26.10.2020
Prof. Dr.-Ing. Birgit Skrotzki leitet an der BAM den Fachbereich Experimentelle und modellbasierte Werkstoffmechanik

Quelle: BAM, Bild: Michael Danner

Die Deutsche Gesellschaft für Materialkunde (DGM) hat auf ihrer Jahrestagung im September neben Prof. Dr. Martin Heilmaier vom Karlsruher Institut für Technologie (KIT) Prof. Dr.-Ing. Birgit Skrotzki als künftige Vize-Präsidentin gewählt. Die Wissenschaftlerin leitet an der BAM den Fachbereich Experimentelle und modellbasierte Werkstoffmechanik, ist auf Hochtemperaturwerkstoffe spezialisiert und hat eine Professur an der Technischen Universität Berlin inne.

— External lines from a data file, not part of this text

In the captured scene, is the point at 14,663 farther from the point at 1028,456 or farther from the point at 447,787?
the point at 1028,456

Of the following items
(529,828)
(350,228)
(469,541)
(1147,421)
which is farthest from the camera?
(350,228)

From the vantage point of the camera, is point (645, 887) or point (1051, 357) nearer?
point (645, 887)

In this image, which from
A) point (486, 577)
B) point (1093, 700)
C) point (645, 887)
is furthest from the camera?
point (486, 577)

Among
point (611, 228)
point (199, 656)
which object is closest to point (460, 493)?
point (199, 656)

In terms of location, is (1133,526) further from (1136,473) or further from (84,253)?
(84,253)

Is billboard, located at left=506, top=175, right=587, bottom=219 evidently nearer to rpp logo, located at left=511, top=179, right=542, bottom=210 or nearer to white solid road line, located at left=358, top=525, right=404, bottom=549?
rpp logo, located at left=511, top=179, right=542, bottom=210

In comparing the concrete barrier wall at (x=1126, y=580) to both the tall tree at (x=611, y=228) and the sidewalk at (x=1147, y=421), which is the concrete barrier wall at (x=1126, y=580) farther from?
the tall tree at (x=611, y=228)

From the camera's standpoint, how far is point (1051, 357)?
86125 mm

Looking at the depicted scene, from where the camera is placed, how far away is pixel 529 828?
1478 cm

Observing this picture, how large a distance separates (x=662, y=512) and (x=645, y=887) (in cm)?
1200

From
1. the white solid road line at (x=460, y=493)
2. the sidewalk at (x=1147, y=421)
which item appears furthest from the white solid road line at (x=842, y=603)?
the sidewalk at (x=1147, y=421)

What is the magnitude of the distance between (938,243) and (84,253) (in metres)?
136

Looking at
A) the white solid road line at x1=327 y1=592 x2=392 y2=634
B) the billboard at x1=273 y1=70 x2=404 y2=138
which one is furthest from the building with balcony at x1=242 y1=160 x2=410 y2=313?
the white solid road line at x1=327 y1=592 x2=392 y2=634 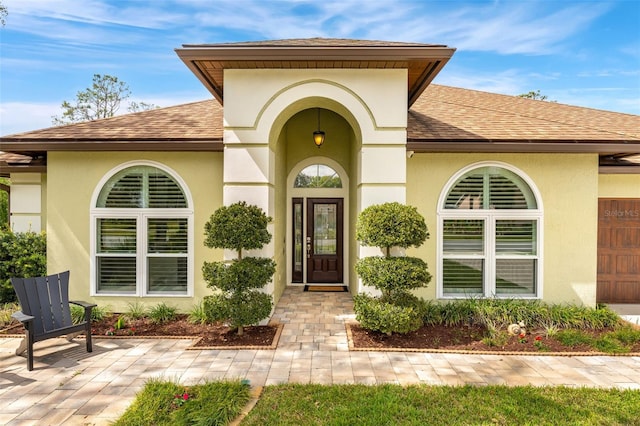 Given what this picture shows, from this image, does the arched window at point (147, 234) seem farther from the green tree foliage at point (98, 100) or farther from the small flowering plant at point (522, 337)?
the green tree foliage at point (98, 100)

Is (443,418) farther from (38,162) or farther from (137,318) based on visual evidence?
(38,162)

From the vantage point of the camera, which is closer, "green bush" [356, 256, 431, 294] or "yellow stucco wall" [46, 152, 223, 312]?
"green bush" [356, 256, 431, 294]

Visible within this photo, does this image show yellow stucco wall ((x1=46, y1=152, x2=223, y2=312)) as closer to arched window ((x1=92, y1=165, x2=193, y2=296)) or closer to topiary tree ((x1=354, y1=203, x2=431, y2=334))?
arched window ((x1=92, y1=165, x2=193, y2=296))

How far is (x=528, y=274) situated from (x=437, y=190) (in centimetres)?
258

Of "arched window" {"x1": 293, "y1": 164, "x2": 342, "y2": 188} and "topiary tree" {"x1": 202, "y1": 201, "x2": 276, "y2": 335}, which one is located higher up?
"arched window" {"x1": 293, "y1": 164, "x2": 342, "y2": 188}

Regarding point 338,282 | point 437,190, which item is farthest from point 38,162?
point 437,190

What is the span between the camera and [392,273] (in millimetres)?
5199

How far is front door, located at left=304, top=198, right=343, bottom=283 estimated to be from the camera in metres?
9.38

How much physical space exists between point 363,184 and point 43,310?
5325 millimetres

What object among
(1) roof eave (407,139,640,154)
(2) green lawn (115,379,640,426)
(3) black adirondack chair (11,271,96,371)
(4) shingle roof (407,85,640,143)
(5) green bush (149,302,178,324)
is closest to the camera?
(2) green lawn (115,379,640,426)

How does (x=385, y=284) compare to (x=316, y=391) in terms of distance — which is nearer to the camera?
(x=316, y=391)

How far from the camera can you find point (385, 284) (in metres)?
5.24

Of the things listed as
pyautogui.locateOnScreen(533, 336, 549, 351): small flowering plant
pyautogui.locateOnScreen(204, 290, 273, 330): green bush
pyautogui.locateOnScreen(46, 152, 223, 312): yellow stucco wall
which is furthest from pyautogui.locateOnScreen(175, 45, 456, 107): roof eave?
pyautogui.locateOnScreen(533, 336, 549, 351): small flowering plant

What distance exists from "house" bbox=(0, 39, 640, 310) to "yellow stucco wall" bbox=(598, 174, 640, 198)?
24mm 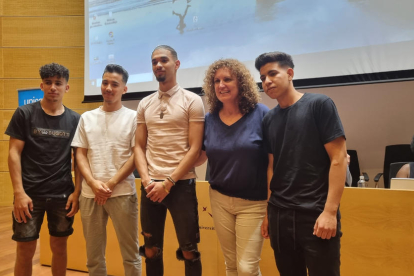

Frau Skrotzki, Sie und Ihr Team befassen sich an der BAM mit der experimentellen Ermittlung und der Simulation von Deformations-, Schädigungs- und Versagensverhalten von Werkstoffen. Was genau heißt das?

Wir führen Versuche durch, insbesondere bei hoher Temperatur, und bestimmen damit mechanische Kennwerte für die Bauteilauslegung. Wir schauen uns aber auch das Werkstoffverhalten während des Versuchs an. Das kann z. B. die Beobachtung sein, wie sich die plastische Verformung mit der Zeit in einem Kriechversuch entwickelt oder die Spannungs-Dehnungs-Hysteresekurven mit der Zyklenzahl in einem Ermüdungsversuch. In einigen Versuchen wird auch beobachtet, wie der Riss wächst. Dies lässt bereits Rückschlüsse auf das Schädigungs- und Versagensverhalten zu, also ändert sich das Verhalten während des Versuchs oder nicht, oder bricht die Probe spröde oder eher duktil mit viel Verformung. Das zweite Standbein unseres Fachbereichs ist die Modellierung und Simulation. Es werden phänomenologische und mikromechanische Modelle verwendet, die das beobachtete Verhalten numerisch beschreiben. Diese Modelle verwenden Modellparameter, die mit den experimentellen Ergebnissen kalibriert werden und dann das Verhalten in der Simulation beschreiben können.

Sowohl in den Experimenten als auch in der Simulation werden „komplexe“ Beanspruchungen untersucht. Das bedeutet z. B. eine Kombination von hoher Temperatur und wechselnder mechanischer Belastung, nicht nur einachsig (Zug/Druck), sondern auch mehrachsig (axial-torsional) oder auch in Medien.

Können Sie also die Lebensdauer von Werkstoffen „vorhersagen“?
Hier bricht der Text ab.